Eğitim alanında en çok tartışılan konulardan biri de toplumsal cinsiyet eşitliği başlığı. Emine Akyazılı, bununla ilgili konuşmasına şöyle devam etti:

“Tüm eşitlikçi söylem ve yasal düzenlenmelere rağmen kapitalist toplum şartlarında eğitim sistemi ve okullar ideolojik ve siyasal hegemonyayı ve bunların içinde yoğurulduğu patriarkal değerler sistemini yeni yetişen kuşakların içselleştirmelerinin önemli bir alanıdır. Son dönem eğitim politikalarının bütününde cinsiyetçi yaklaşımlar ile geleneksel cinsiyet rolleri pekiştirilmekte, kadınların ve kız çocuklarının hakları yok sayılmaktadır. Dolayısıyla eğitim aracılığıyla kadınlık ve erkeklik de yeniden inşa edilmektedir. Toplumda ‘normal’ sayılan heteroseksüel cinsel yönelim dışında kalan cinsel yönelimlerin ve kimliklerin baskı ve şiddet mekanizmaları ile marjinalleştirildiği, ötekileştirildiği, hatta düşmanlaştırıldığı bir süreç işletilmektedir.”
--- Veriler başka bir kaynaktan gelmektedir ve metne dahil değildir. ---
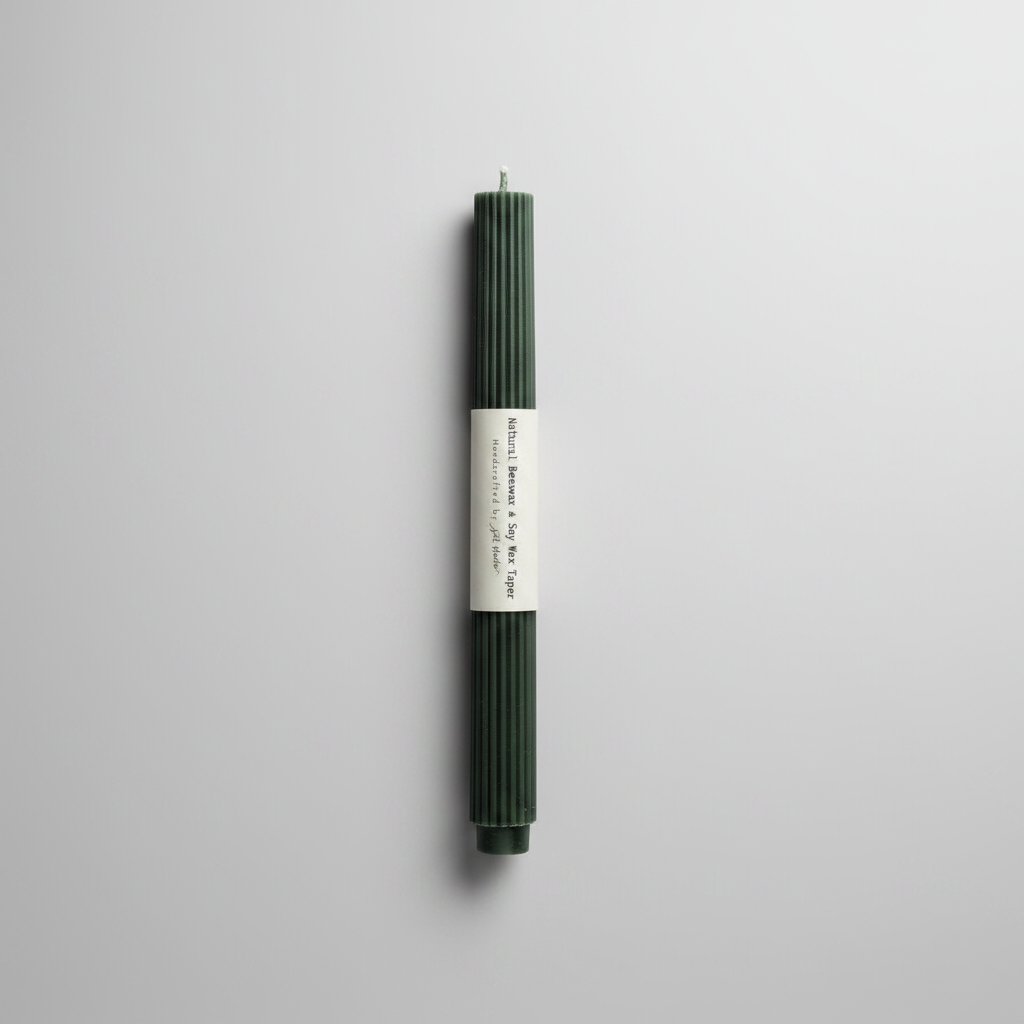 Olive Green Taper Candle, Zoet Studio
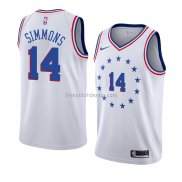 Maillot Philadelphia 76ers Jonathon Simmons Earned 2018-19 Blanc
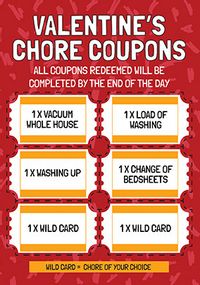 Tap to view Chore Coupons Valentine's Day Card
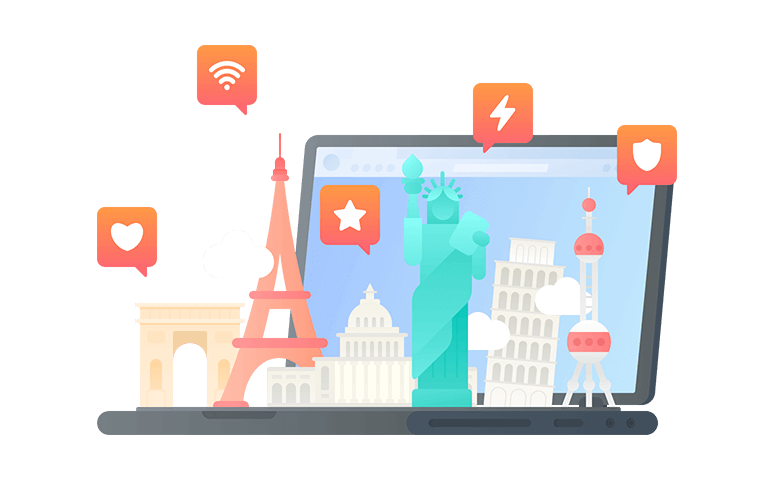 在留尼汪连接到中国的代理 - 华人VPN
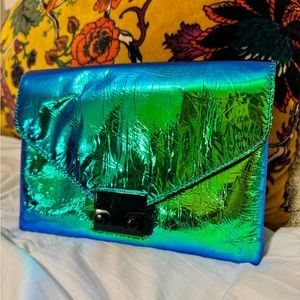 Loeffler Randall Clutch, EUC, perfect for Holiday Party!!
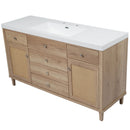 Bathroom Vanity With Sink, 5 Legs, Soft Close Drawers by HouseOfZazla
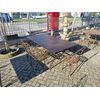 Rectangular iron table 100x200 H 77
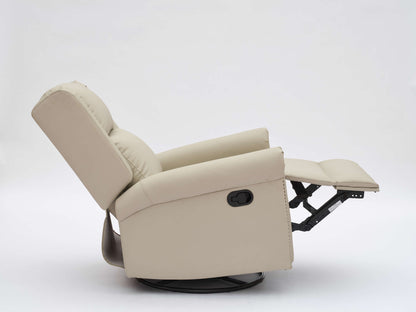 Daniela 360 Swivel Manual Recliner - Beige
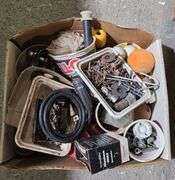 Three Boxes of Electrical and Mechanical Components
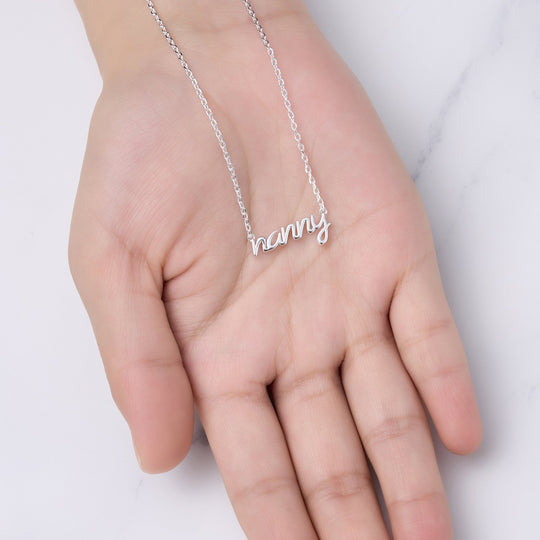 Silver Plated Nanny Necklace - Philip Jones Jewellery
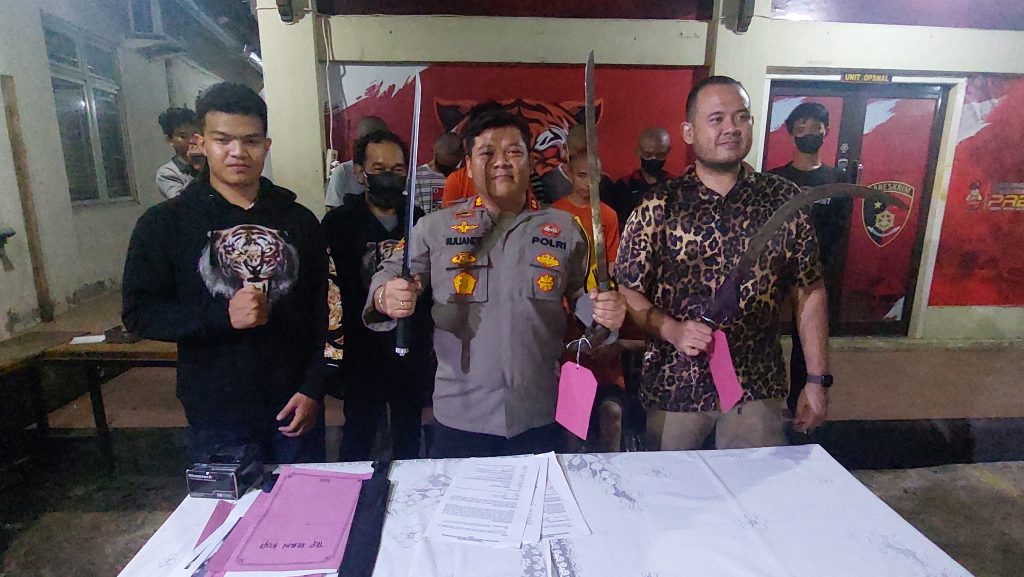 10 Pelaku Geng Motor Diamankan Tim Macan Satreskrim Polresta Jambi 1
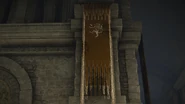 A Golden Lineage Banner inside the Sainted Hero's Grave.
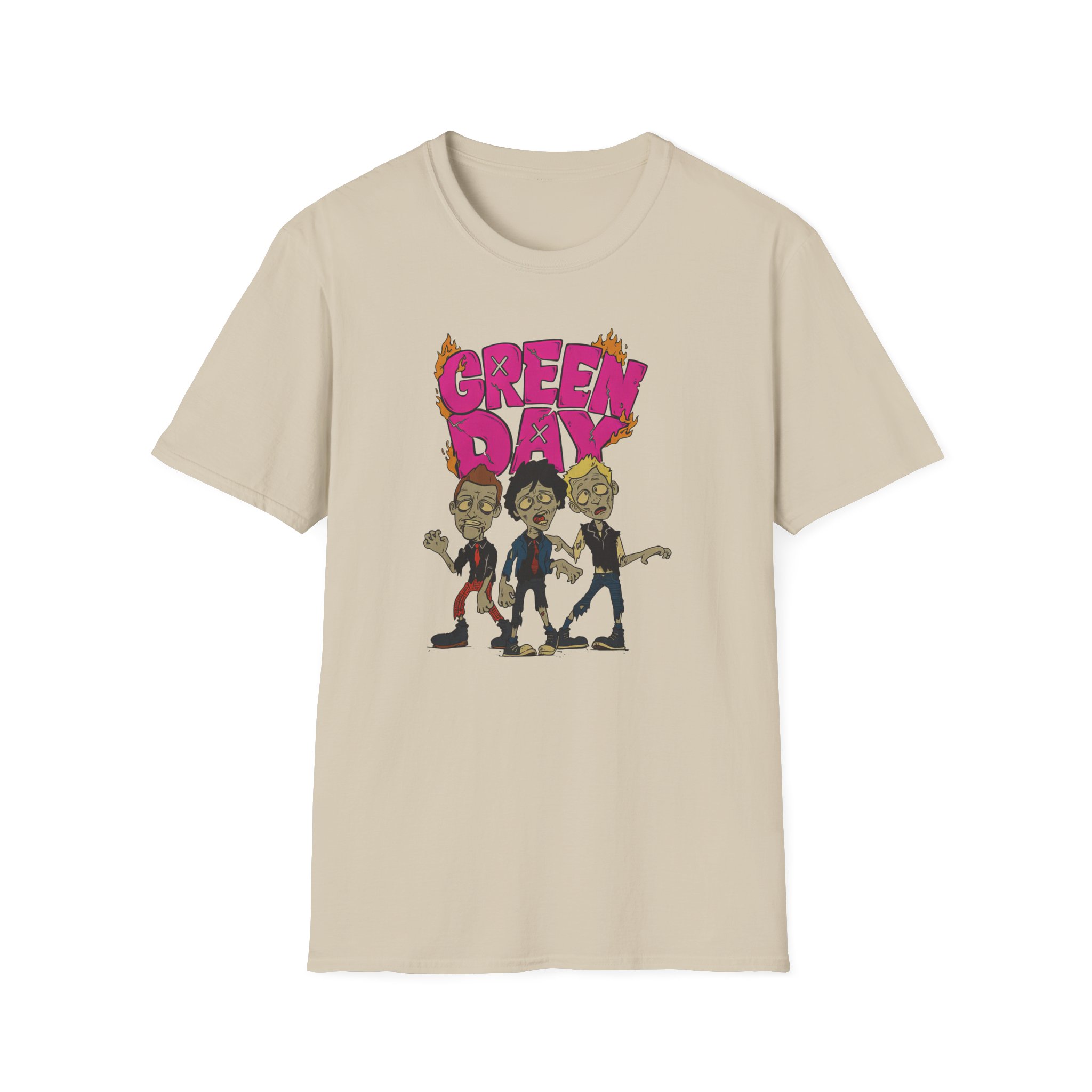 Green Day Walking Green Day Zombie Unisex Softstyle T-Shirt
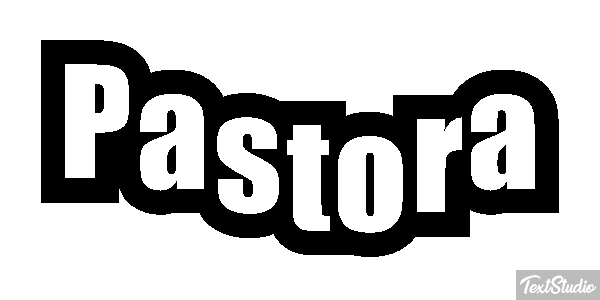Pastora Efecto de texto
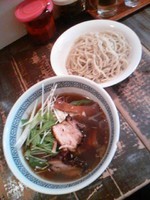 「野菜つけ麺７００円」@元祖竹炭らーめん はと車の写真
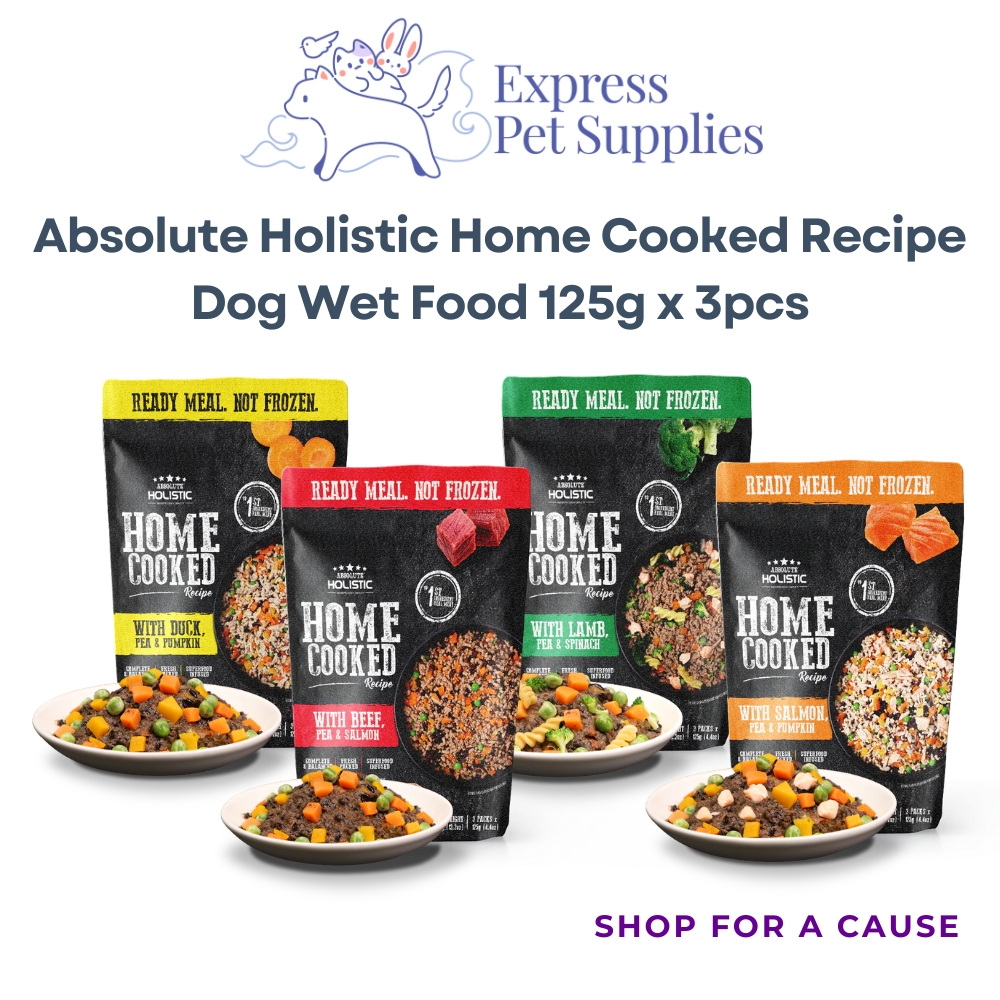 Absolute Holistic Home Cooked Recipe Dog Wet Food 125g x 3pcs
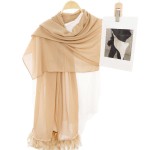 Chiffon Scarf Factory - Hot New Solid Color Thin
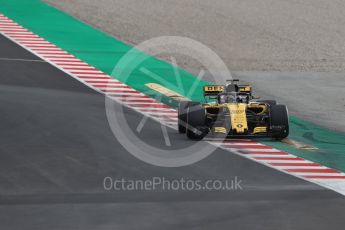 World © Octane Photographic Ltd. Formula 1 – Winter Test 2. Renault Sport F1 Team RS18 – Nico Hulkenberg. Circuit de Barcelona-Catalunya, Spain. Thursday 8th March 2018.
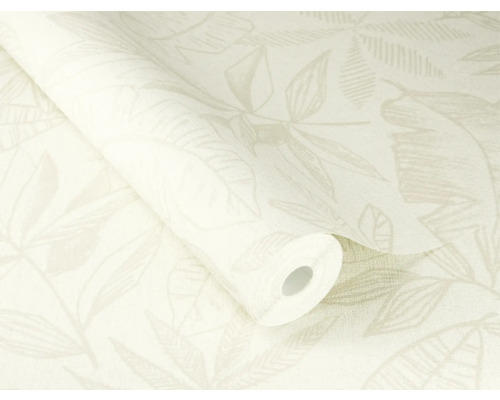 Rolle Papiertapete mit Blättermuster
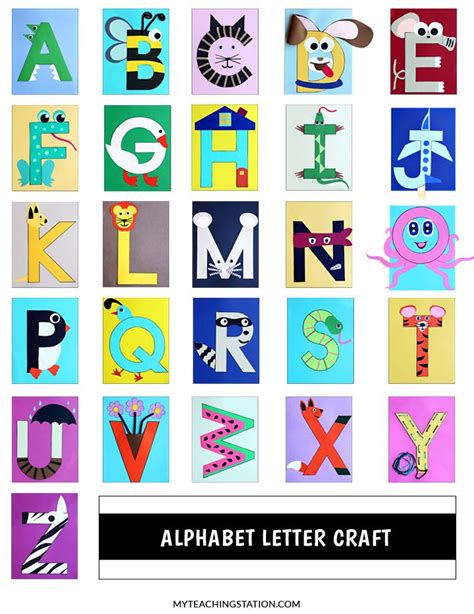 Alphabet Letter Crafts | Alphabet letter crafts, Letter a crafts ...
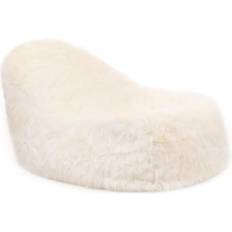 ICON Giant Luxurious Furry Living Room Cream Bean Bag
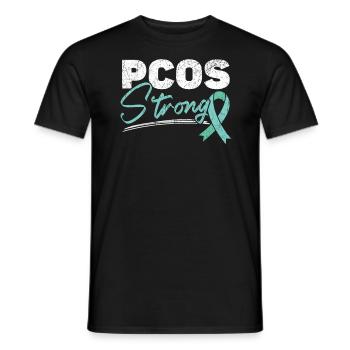 PCOS Starkes polyzystisches Ovarialsyndrom Krieger - Männer T-Shirt - Schwarz - Vorne - AI Model Male 178 light (178cm)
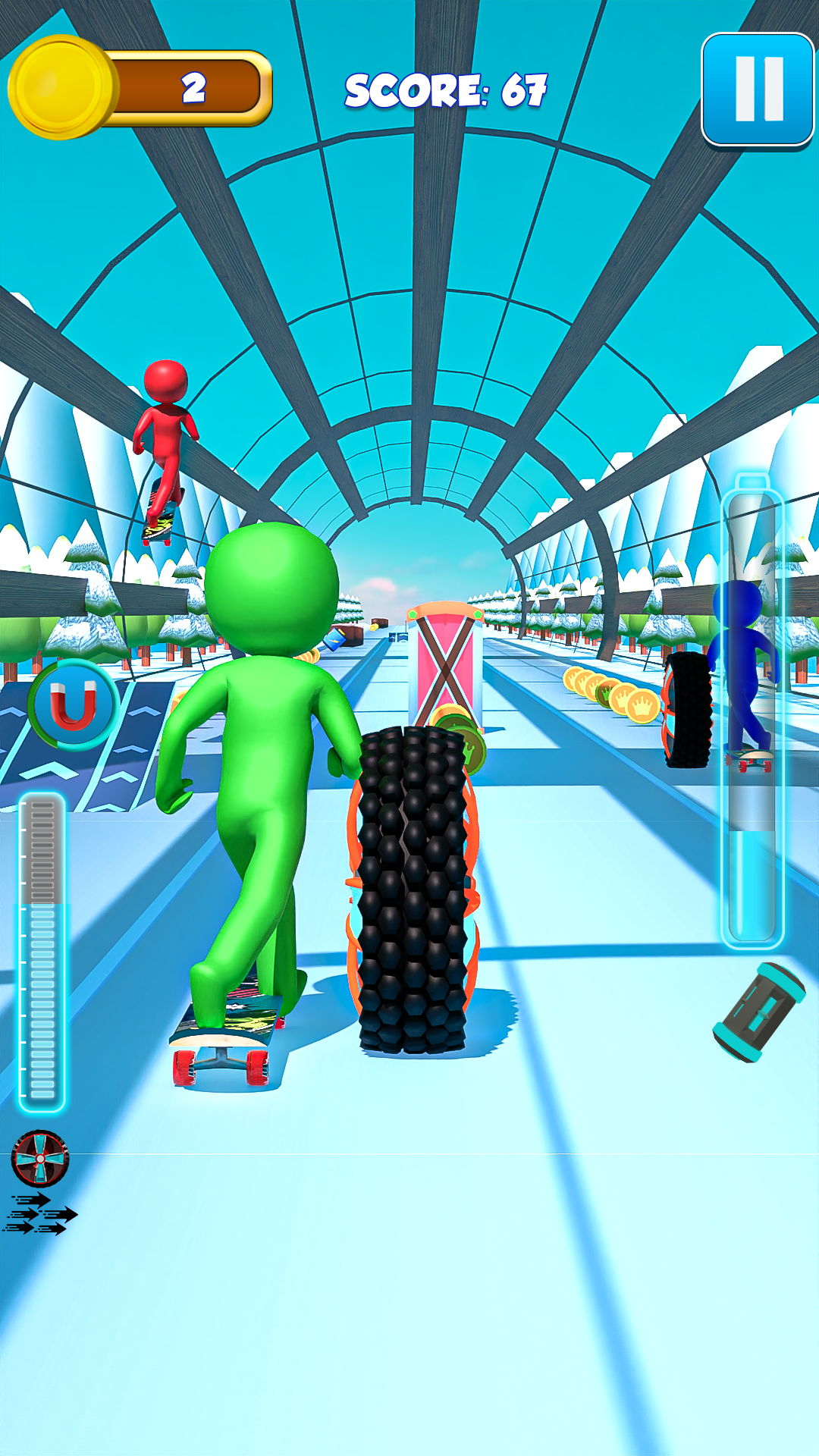 اسکرین شات 5 بازی Turbo Skate Games - Tyre Game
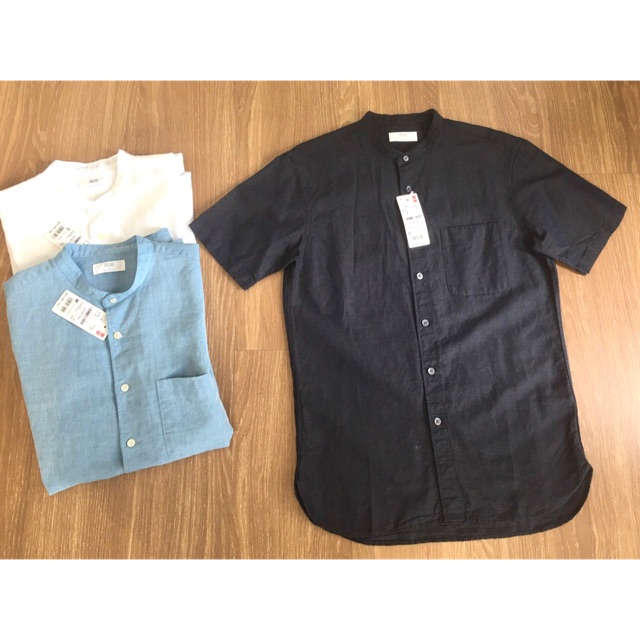 Sơ mi nam cổ tàu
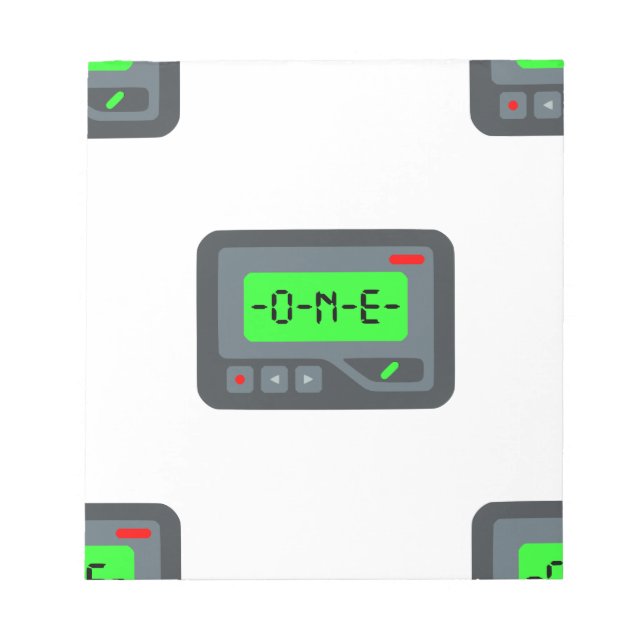 Bloc-note pager émoji (Devant)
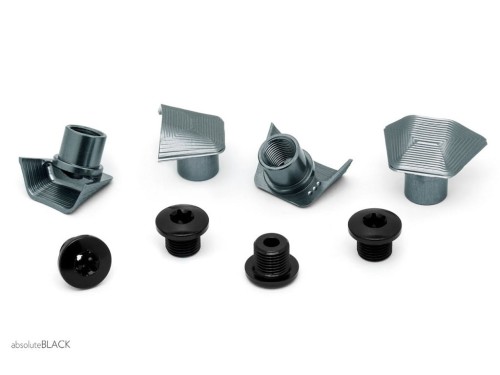 Śruby do zębatek Absoluteblack, Dura-Ace 9000 z pokrywkami, czarne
‘Kapsayıcı bir eğitim anlayışı inşa edilmeli’

Dönüşümün hemen yaşanamayacağını ifade eden Emine Akyazılı, değişimim demokratik, eşitlikçi ve özgürlükçü bir eğitim anlayışıyla inşa edilebileceğini vurguladı. Emine Akyazılı, “Eğitimde toplumsal cinsiyet eşitliğini sağlamanın, toplumun her kesiminde eşitlik ve özgürlüğün yerleşmesi için vazgeçilmez bir adım olduğu bilinciyle adım atılmalıdır. Eğitimin her aşamasında kadın özgürlükçü ve feminist bir bakış açısının hakim olması, toplumsal cinsiyet rollerini pekiştiren müfredatın değiştirilmesi gerekmektedir” dedi. Emine Akyazılı son olarak şunları söyledi: 

“Mevcut cinsiyetçi ve patriarkal değerleri pekiştiren yaklaşımlar terk edilerek, kadınlar, LGBTİ+'lar ve çocuklar için adil ve kapsayıcı bir eğitim anlayışı inşa edilmelidir. Okullarda çocuğun cinsel istismarı, şiddet ve ayrımcılıkla etkin bir şekilde mücadele eden, cezasızlığı ortadan kaldıran mekanizmalar hayata geçirilmelidir. Eşitlik temelli bir eğitim sistemi, toplumsal cinsiyet temelli şiddet ve ayrımcılıkla uzun vadede mücadele etmek için en etkili yöntemlerden biridir. Bu durumda, okullarda ve eğitim faaliyetlerin gerçekleştiği tüm mekânlarda yürütülecek toplumsal cinsiyet eşitliği mücadelesi büyük anlam taşımaktadır. Bu mücadele yürütülmediğinde ise eğitim ortamlarındaki öznelerin pasif bir konumda kalabileceği ve unutulup sindirilebileceği düşünülebilir. Elbette, okuldaki mücadele toplumdaki kadın mücadelesinden izole bir biçimde yürütülemez.”